It was in California last month. My brother Jay and Chastity Brown and some new friends and I were in a Bay Area bar, and Roger Nalezny—a Minnesota dude who likes local music, family, hockey, and fishing—leaned in and said, "Wanna hear about the time I met Johnny Cash?"


As a matter of fact, we did.


He told it, matter-of-factly but reverently, and the table got quiet. When I got back to Minneapolis (the land, apparently, of 100,000 cabin-fevered aspiring alcoholics at the moment), I called him and had him tell the whole thing over again. He was sitting in his truck on Centerville Lake in Lino Lakes in North St. Paul, where his kids were spending the afternoon ice fishing:


"It was the summer of 1987," said Nalezny, a 46-year-old carpenter and sub-contractor, taking a break from reading Michael Creighton’s State Of Fear.


"A guy I used to work for broke his neck diving off a dock when he was in his mid-40s. We had just built him this beautiful lake home, and he was having a party for the subs (contractors), and he dove and became a quadriplegic. It was tragic; his wife died of alcoholism and he ended up marrying his nurse. He’s still alive.


"Anyway, right when he broke his neck, his kid was 11 or 12. He had always promised to take his kid on these fishing trips, and I was his number one worker, so he sent me on the trips to kind of babysit his kid and take in some great fishin’.


"We were sitting at the Minneapolis airport, going on this high-buck trip; it was probably four grand a head. We were going to Bear Lake in the Northwest Territories in Canada. You know, we’re low-buck guys and everybody else going on this trip are doctors and lawyers and super-wealthy people. It was all these rich people, except for one kid about my age who had an old Aerosmith T-shirt on, so I gravitated towards him.


"He said, `I’m meeting my dad here.’ He told me he was a map freak, and talked about all these places, and we talked a little bit about music, but he never mentioned his dad was Johnny Cash.


"We flew out of Winnipeg and got a connecting flight and we come into this little airport. There’s about 30 or 40 people in the lobby, and Johnny Cash is one of ‘em. We walk across the tarmac, and we’re all walking in the door and that kid (John Carter Cash) is right behind me and I recognized Johnny Cash but couldn’t place him right away and he goes, "Son!" For a split second, I thought he was talking to me.


"They just hugged. And my dad has always been a little shy about showing his emotions, but these guys just laid it all out there. They were really, truly thrilled to see each other. The kid introduced us, and we had the same connecting flights. They went up to Slave Lake, and we went to Bear Lake. We flew a couple hours together. June Carter Cash was there, sitting in the front row of the plane and the love between them was so obvious. Johnny and his son sat back by us and we sat and shot the shit for a couple hours on the way up. It was cooler than hell.
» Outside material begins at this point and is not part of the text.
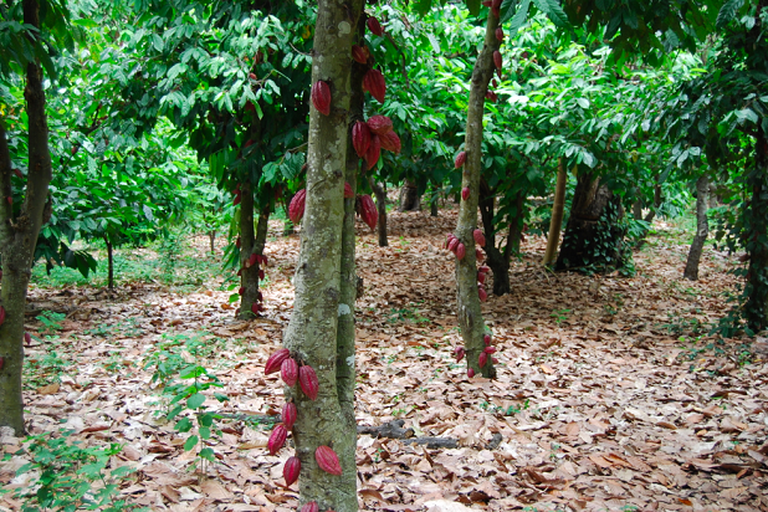 foresta di cacao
"I told him my buddies and I used to close the bar down and come home and crank `Ring Of Fire’ and just bounce around the place. He got the biggest kick out of that, and then we just swapped fishing stories. He said how much he and June loved to fish, and he was making sure I knew what a special trip I was going on: `This is really something; not a lot of people get to go up here.’ He was just great."


Philosophers have long posited that fishing is a search, and one wonders if a man as gifted as Johnny Cash—a songwriter and searcher to the end—was looking for a slice of peace when he’d throw that line in the water.


"For me, fishing… that’s almost the end of the search," says Nalezny. "It doesn’t get any better than that. You’re at peace, it doesn’t really matter if you catch anything, I just like fishing. I like fishing out of canoes, no dinking around with motors, you propel yourself and go on your way. It’s so easy, and so simple, and fishing should be simple."


And how many times has he told the fish story that involves John and Johnny and June?


"Not that many. I’m not sure how many people can relate to how cool it was. He had such a calming aura, almost. It just made you feel good to be around him. He couldn’t have been any cooler. It was totally peaceful. The only hiccup in the thing was the airline lost June’s luggage, and she was so bummed out about that."